Two inviduals, Mykka and her husband James Stauffer, had adopted a child from China a few years ago and this child, Huxley, had special needs. According to the Stauffers, he had a brain tumor but when they got him home (or maybe when they arrived in China and met him. I’m not 100% sure on that) they discovered that no he didn’t have a brain tumor. He was just autistic.

You can google Mykka Stauffer to see exactly what all the controversy is about but it boils down to this–she and her husband decided that after making an unknown amount of money from videos that either were just about her son Huxley or featured him in some way, they made the decision to “rehome” him. Yanno, like you’d do with a dog that didn’t quite fit into your lifestyle or maybe grew bigger than the 15 lbs the Humane Society said he would.

More and more came out about how Huxley’s autism just wasn’t what Mykka and James expected, that it was harder than they expected and he had some issues. Yanno, like a child adopted from a foreign country who’s been through unknown trauma might, stuff that (at least according to the research I did and the videos by adoptive parents that I watched) was totally normal.
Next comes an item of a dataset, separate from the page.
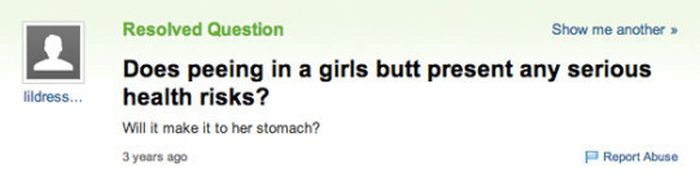 These People Definitely Shouldn't Have Kids (26 pics)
Stuff like food insecurity, feeling anxious, that sort of thing.

After claiming that she loved Huxley like her own child and that they were his forever family, they REHOMED HIM.

Let me say that again.

THEY REHOMED HIM.

Because it was too hard to be a parent of a special needs child. Because with three other kids under the age of (I believe..if I’m wrong, somebody correct me) 5, he just needed too much attention.

My reaction to that?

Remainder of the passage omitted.